Rent-Seeking States Always Collapse: Ethiopia Under Abiy Ahmed in Historical Context

 

Under Abiy Ahmed’s rule, taxation in Ethiopia has become increasingly punitive and extractive. Small and medium businesses face rising, unpredictable taxes, arbitrary regulations, and fees piled on fees. Ordinary citizens bear the brunt while the state channels wealth toward political priorities. Survival depends more on proximity to power than productivity. Instead of encouraging trade and growth, the system punishes those who produce, a defining trait of a rent-seeking state.

Rent seeking occurs when a government prioritizes capturing existing wealth rather than creating new value. It thrives on control, extraction, and patronage rather than economic productivity. In such a system, ordinary citizens are sources of revenue, not partners in governance. Corruption and favoritism become rational survival strategies, and businesses close not because of incompetence, but because they cannot navigate an extractive, arbitrary system.

The Abiy Ahmed government exemplifies this model. Taxes and regulations are unpredictable and often enforced punitively. Small businesses are suffocated, trade networks are weakening, and unemployment is rising. The regime diverts massive resources into vanity projects—parks, corridor developments, and “Digital Ethiopia”—which create political optics rather than jobs or sustainable economic growth. At the same time, spending on weapons and ongoing internal conflicts, including the Tigray and Amhara crises, drains capital without expanding productive capacity.

The Ethiopian government’s approach is deeply insulated from public accountability. Criticism is often met with retaliation or increased control. Policies become more coercive when challenged rather than more responsive. This is because authority does not flow from the people. Elections lack credibility, public opinion is ignored, and the state treats citizens as subjects rather than partners. Decision-making is emotional, reactive, and focused on consolidating power, not building trust.

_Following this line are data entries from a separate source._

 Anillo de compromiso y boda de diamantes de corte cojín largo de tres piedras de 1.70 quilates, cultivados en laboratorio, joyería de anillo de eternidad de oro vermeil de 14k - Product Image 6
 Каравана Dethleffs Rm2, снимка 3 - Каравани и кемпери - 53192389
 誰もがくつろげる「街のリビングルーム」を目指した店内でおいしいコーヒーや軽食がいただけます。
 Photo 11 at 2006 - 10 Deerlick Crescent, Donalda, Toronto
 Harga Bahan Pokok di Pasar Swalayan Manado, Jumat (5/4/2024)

History provides clear lessons. In the late Roman Empire, heavy taxation funded military expansion and imperial luxury. Farmers abandoned their land, cities emptied, and trade froze. Skilled labor disappeared. Instead of reforming, the state increased extraction. Economic collapse eroded loyalty, local uprisings became frequent, and the empire gradually disintegrated under the weight of internal pressure and external invasions. Extraction without legitimacy led to systemic collapse.

Pre-revolutionary France provides another example. The monarchy overtaxed peasants and urban workers while protecting the elite from fiscal burdens. Bread prices soared, unemployment rose, and trade stagnated. Frustration and economic despair culminated in uprisings that overthrew the monarchy violently. The state’s survival depended not on consent but coercion, and once the public could no longer endure the pressure, the regime fell. The lesson is clear: when people can no longer survive under rent-seeking authority, revolt is inevitable.

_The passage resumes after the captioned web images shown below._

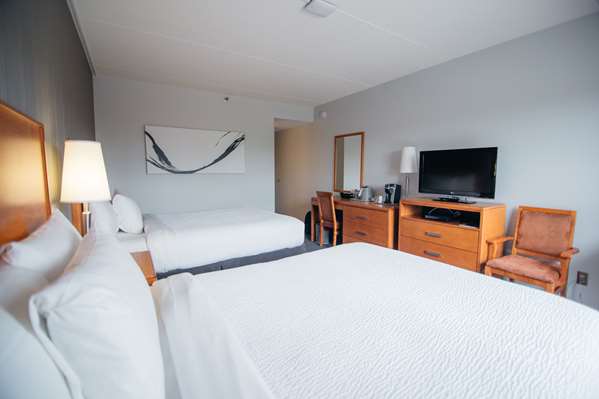  - Norwood Hotel Winnipeg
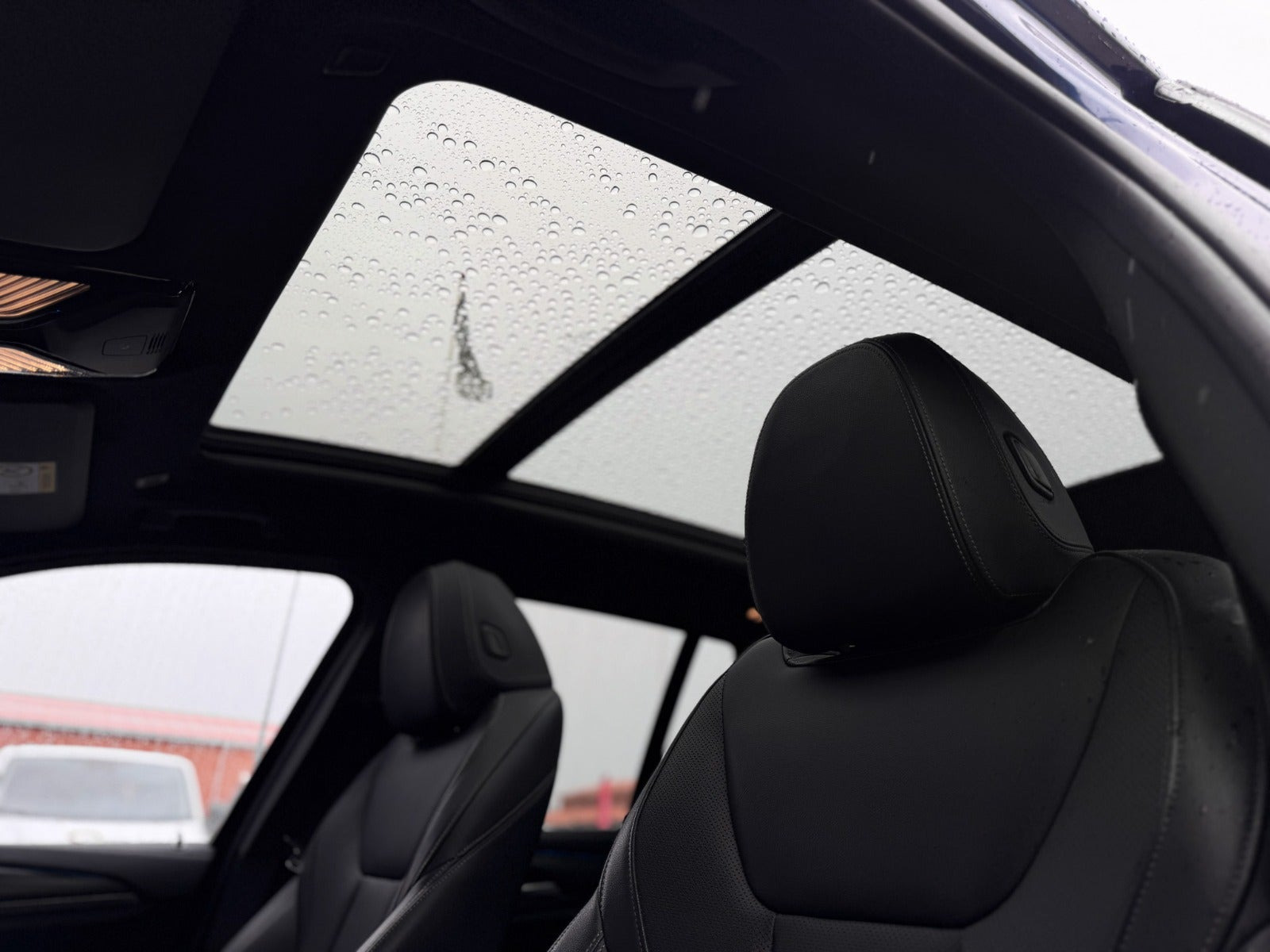 Blå BMW iX3 fra 2023
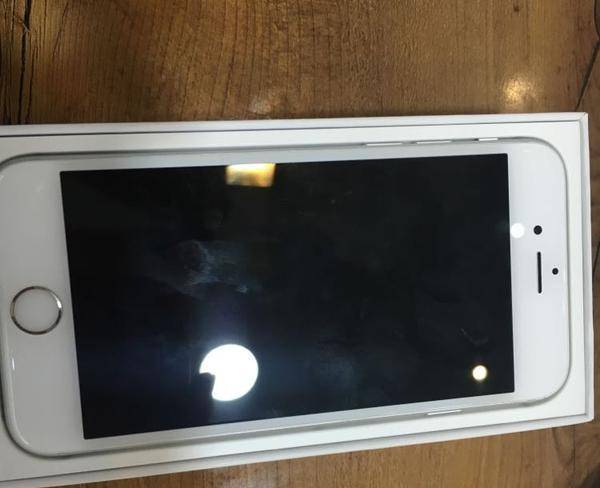 iphone 6s 64GB silver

Ethiopia today mirrors these patterns. Trade is contracting as businesses close under tax pressure and regulatory uncertainty. Unemployment is rising, especially among youth, while the state continues to extract wealth for political priorities and vanity projects. The regime has shown repeatedly that public opinion and constructive criticism are met with repression or further punitive measures. Like Rome and France, the authority of the state is not derived from popular consent, making it brittle and reactive.

When trade fails and unemployment grows, the stage is set for social unrest. History shows that rent-seeking governments rarely survive once economic and social pressures converge. Uprisings and protests are not distant threats—they are natural consequences of policies that crush productivity and ignore the population. Coercion may delay the inevitable, but it cannot prevent it. Systems built on extraction and repression implode from within.

The Abiy Ahmed regime’s path appears to be repeating history. Rome collapsed because farmers fled and trade froze under excessive taxation and extraction. France fell because economic desperation fueled revolution. Ethiopia risks a similar fate: overtaxed citizens, destroyed businesses, rising unemployment, and a government insulated from legitimacy cannot produce long-term stability. Rent-seeking states may survive briefly, but history shows their collapse is ultimately unavoidable.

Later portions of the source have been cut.